Uitspraken van de Rechtbanken Oost-Brabant en Gelderland leiden tot onduidelijkheid over wie verantwoordelijk is voor het verstrekken van hulpmiddelen aan Wlz-geïndiceerden die wonen in geclusterde woonvoorzieningen. In dit bericht geven we nadere uitleg en advies aan gemeenten.

Onlosmakelijke combinatie van huur- en zorgovereenkomst
De Rechtbank Oost-Brabant en de Rechtbank Gelderland oordeelden op grond van de feiten en omstandigheden dat, ondanks het feit dat de zorg wordt geleverd op basis van een volledig pakket thuis (VPT), er geen sprake is van thuis wonen. De betreffende gemeenten hoefden het specifieke hulpmiddel daarom in principe niet te verstrekken. De onlosmakelijke combinatie van een huur- en zorgovereenkomst was in beide zaken van doorslaggevende betekenis.

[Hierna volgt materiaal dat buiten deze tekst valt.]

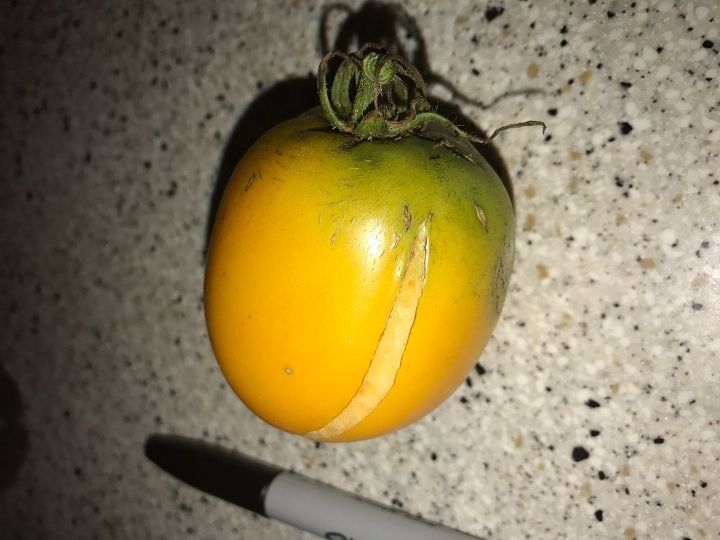 q any idea what kind of tomato this is and what s wrong with it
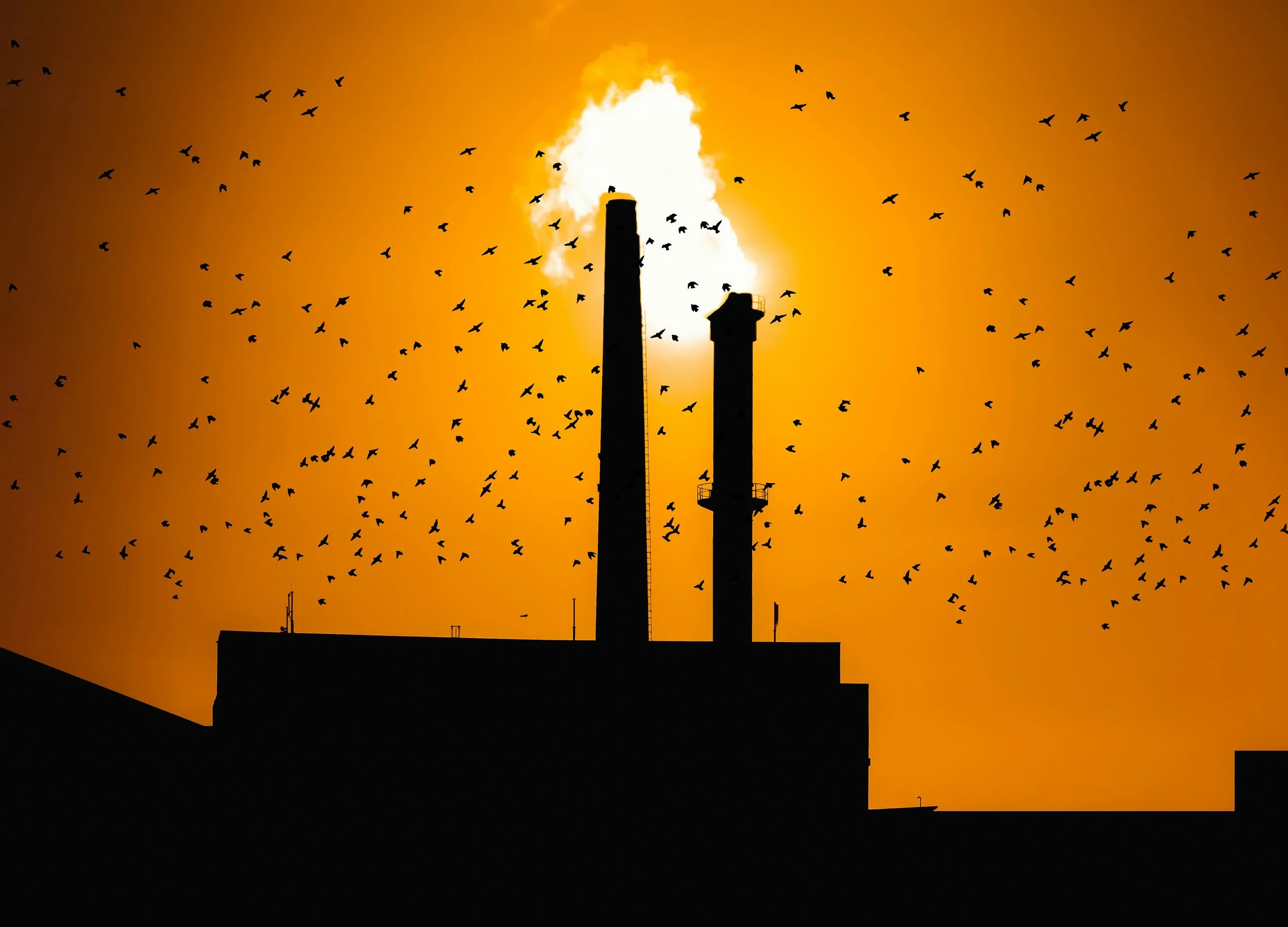 The New Nuclear Age – Can the World Still Prevent Proliferation?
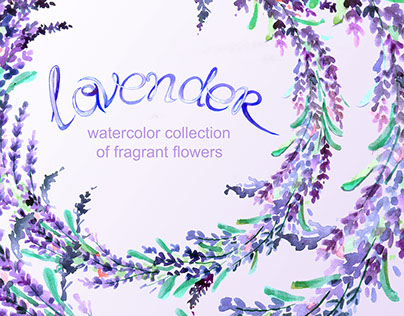 Collection with the image of lavender flowers.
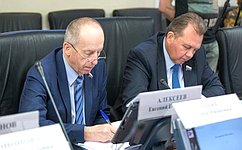 Е.Алексеев принял участие в работе комитета Совета Федерации по федеративному устройству, региональной политике, местному самоуправлению и делам Севера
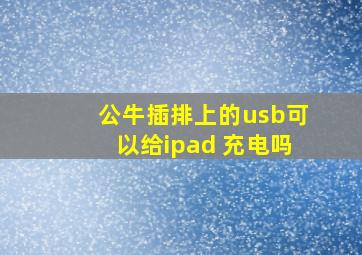 公牛插排上的usb可以给ipad 充电吗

Continuering bestuurlijke afspraak tussen VNG, VWS en ZN
Vanaf 2020 zijn gemeenten niet meer verantwoordelijk voor de verstrekking van hulpmiddelen aan inwoners die met een Wlz-indicatie met verblijf wonen in een intramurale instelling. In het kader van deze wijziging werd in 2019 de bestuurlijke afspraak gemaakt dat gemeenten voorlopig wel verantwoordelijk blijven voor de verstrekking van hulpmiddelen aan cliënten met een Wlz-indicatie die wonen met een VPT, MPT of PGB.

VNG-advies aan gemeenten
De VNG adviseert gemeenten om zich voorlopig te houden aan deze bestuurlijke afspraak, in ieder geval totdat de CRvB uitspraak heeft gedaan. Wanneer de CRvB de uitspraken van de rechtbanken bevestigt, zal de wetgever het wettelijk kader moeten aanpassen. De VNG heeft voor de tussenliggende tijd met het ministerie van VWS afgesproken dat er onderzoek wordt gedaan naar de verschillende geclusterde woonvormen waarin het VPT/PGB nu worden ingezet en naar de vraag welke consequenties deze woonvormen hebben voor de verstrekking van hulpmiddelen door gemeenten en zorgkantoren. We willen ook inzicht krijgen in het verdienmodel van zorgaanbieders die met VPT/PGB werken.